ABOUT THIS TASK
Range to reproduce from the entries below: the line with "Mens Leather Peaky Blinders Newsboy Flat Hat", the line with "Rectangle Geometric Pillow", and every line in between. Give them exactly and give nothing else.

[Records from a collection]
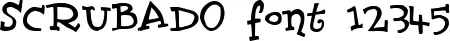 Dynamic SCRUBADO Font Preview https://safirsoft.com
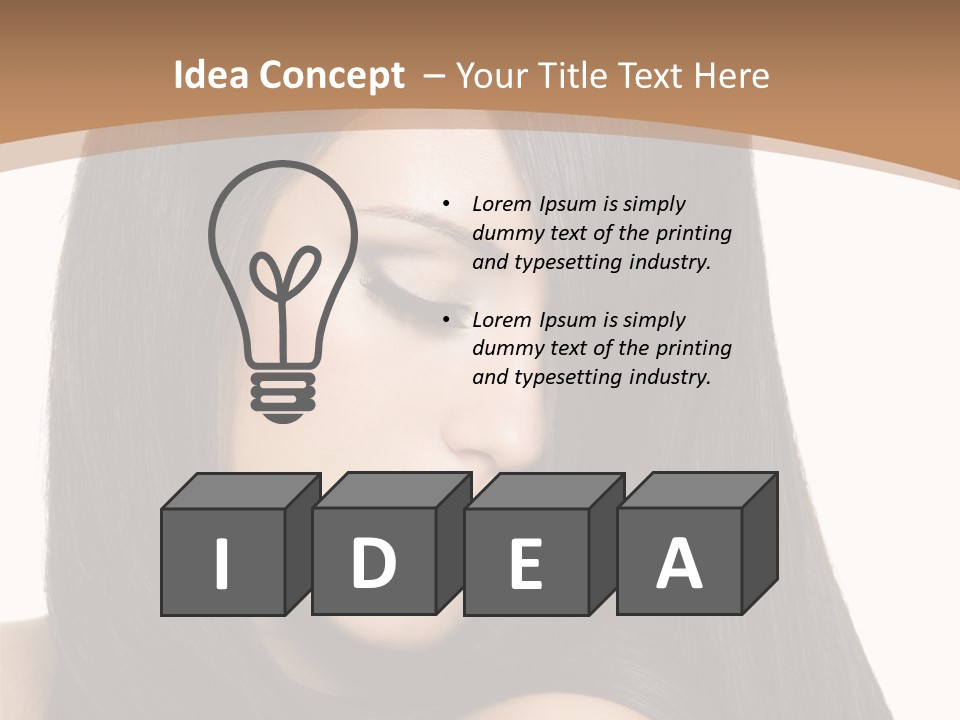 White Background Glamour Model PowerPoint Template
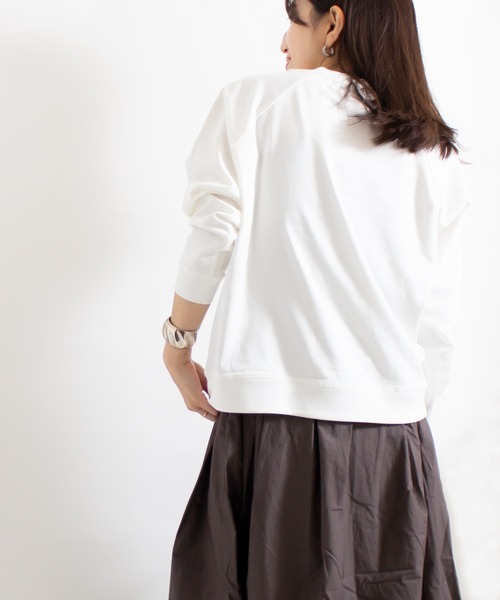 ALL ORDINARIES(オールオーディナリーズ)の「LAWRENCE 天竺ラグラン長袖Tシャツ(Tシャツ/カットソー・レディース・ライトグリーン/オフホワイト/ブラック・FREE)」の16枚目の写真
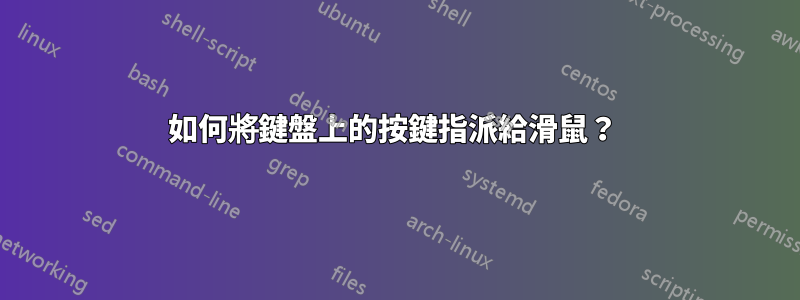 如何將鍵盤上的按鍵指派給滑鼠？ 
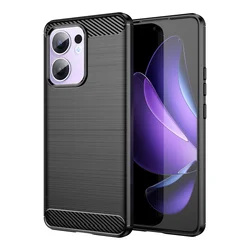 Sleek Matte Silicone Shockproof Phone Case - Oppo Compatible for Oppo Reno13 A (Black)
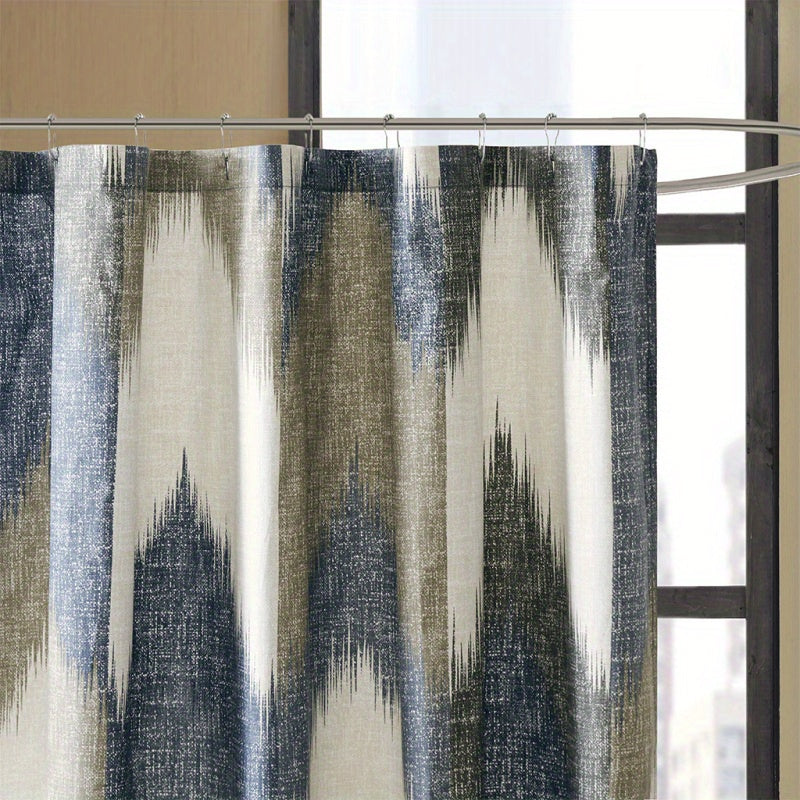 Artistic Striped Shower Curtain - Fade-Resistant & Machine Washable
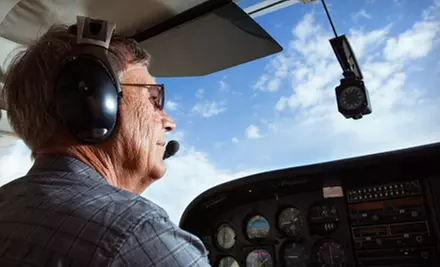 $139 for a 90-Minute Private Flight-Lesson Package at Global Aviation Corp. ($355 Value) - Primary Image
--
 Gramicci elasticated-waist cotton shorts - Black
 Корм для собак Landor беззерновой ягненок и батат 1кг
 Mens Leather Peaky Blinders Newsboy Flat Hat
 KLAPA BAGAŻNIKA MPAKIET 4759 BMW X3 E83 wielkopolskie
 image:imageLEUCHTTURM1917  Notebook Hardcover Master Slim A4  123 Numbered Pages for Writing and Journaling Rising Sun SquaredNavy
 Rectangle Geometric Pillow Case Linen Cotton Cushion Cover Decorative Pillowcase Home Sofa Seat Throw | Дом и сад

YOUR SOLUTION
 Mens Leather Peaky Blinders Newsboy Flat Hat
 KLAPA BAGAŻNIKA MPAKIET 4759 BMW X3 E83 wielkopolskie
 image:imageLEUCHTTURM1917  Notebook Hardcover Master Slim A4  123 Numbered Pages for Writing and Journaling Rising Sun SquaredNavy
 Rectangle Geometric Pillow Case Linen Cotton Cushion Cover Decorative Pillowcase Home Sofa Seat Throw | Дом и сад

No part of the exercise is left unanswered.